Upload Computer Vision with Pixel Intensity Model

For this example, we’ll be using a different Wallaroo Custom Models aka Bring Your Own Predict (BYOP), but this time we have an additional output field: avg_px_intensity. This takes the incoming images and averages out their pixel intensity. Typically the higher the value, the more blurred and indistinct the image is.

We’ll upload it with the following. Adjust the variable names as best fit your preferences.
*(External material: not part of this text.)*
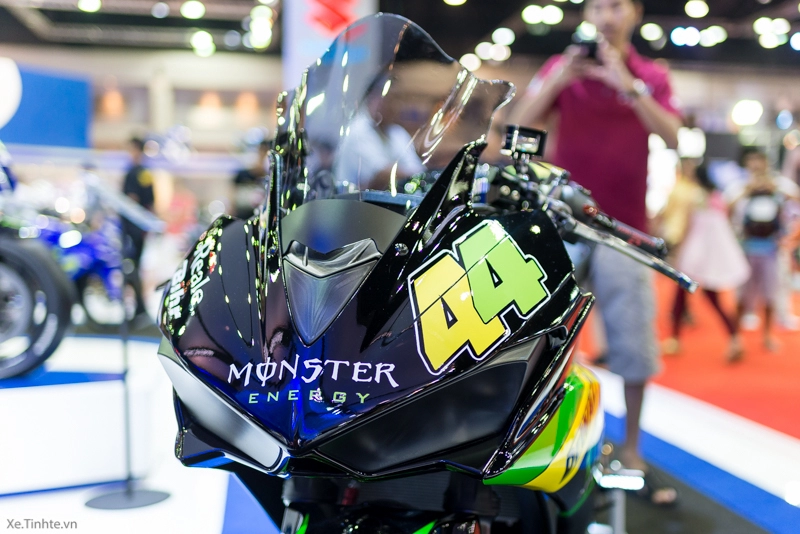 Bộ ba yamaha r3 tại bangkok motor show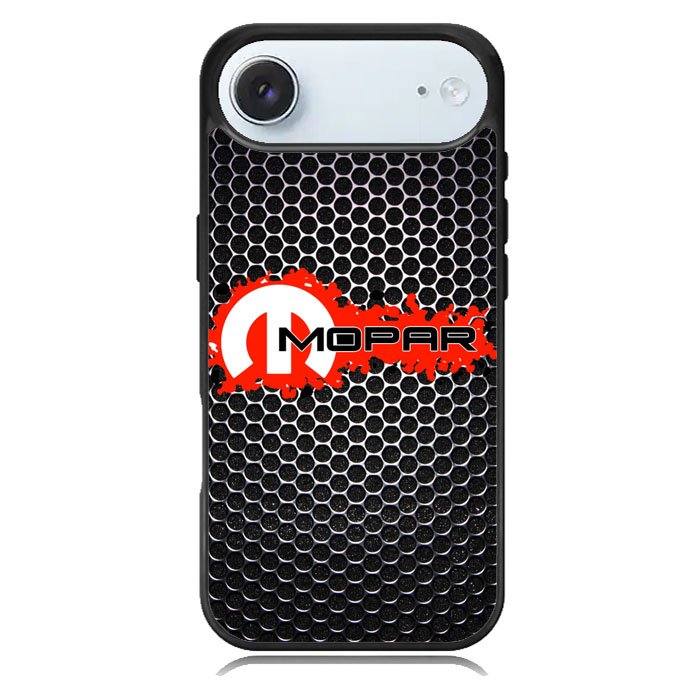 Mopar Black Logo iPhone 17 Air Case BC1368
input_schema = pa.schema([
    pa.field('tensor', pa.list_(
        pa.list_(
            pa.list_(
                pa.float32(), # images are normalized
                list_size=640
            ),
            list_size=480
        ),
        list_size=3
    )),
])

output_schema = pa.schema([
    pa.field('boxes', pa.list_(pa.list_(pa.float32(), list_size=4))),
    pa.field('classes', pa.list_(pa.int64())),
    pa.field('confidences', pa.list_(pa.float32())),
    pa.field('avg_px_intensity', pa.list_(pa.float32())),
    pa.field('avg_confidence', pa.list_(pa.float32())),
])

model = wl.upload_model("cv-pixel-intensity", 
                        "models/model-with-pixel-intensity.zip", 
                        framework=Framework.CUSTOM,
                        input_schema=input_schema, 
                        output_schema=output_schema)
## blank space to upload the observation model

input_schema = pa.schema([
    pa.field('tensor', pa.list_(
        pa.list_(
            pa.list_(
                pa.float32(), # images are normalized
                list_size=640
            ),
            list_size=480
        ),
        list_size=3
    )),
])

output_schema = pa.schema([
    pa.field('boxes', pa.list_(pa.list_(pa.float32(), list_size=4))),
    pa.field('classes', pa.list_(pa.int64())),
    pa.field('confidences', pa.list_(pa.float32())),
    pa.field('avg_px_intensity', pa.list_(pa.float32())),
    pa.field('avg_confidence', pa.list_(pa.float32())),
])

model = wl.upload_model("cv-pixel-intensity", 
                        "../models/model-with-pixel-intensity.zip", 
                        framework=Framework.CUSTOM,
                        input_schema=input_schema, 
                        output_schema=output_schema)
Waiting for model loading - this will take up to 10.0min.
Model is pending loading to a container runtime.
Model is attempting loading to a container runtime...successful

Ready

Create a new pipeline and add the model as our pipeline step. We’ll leave those steps out - you should know them by now. But we’ll include a recommended deployment configuration to use.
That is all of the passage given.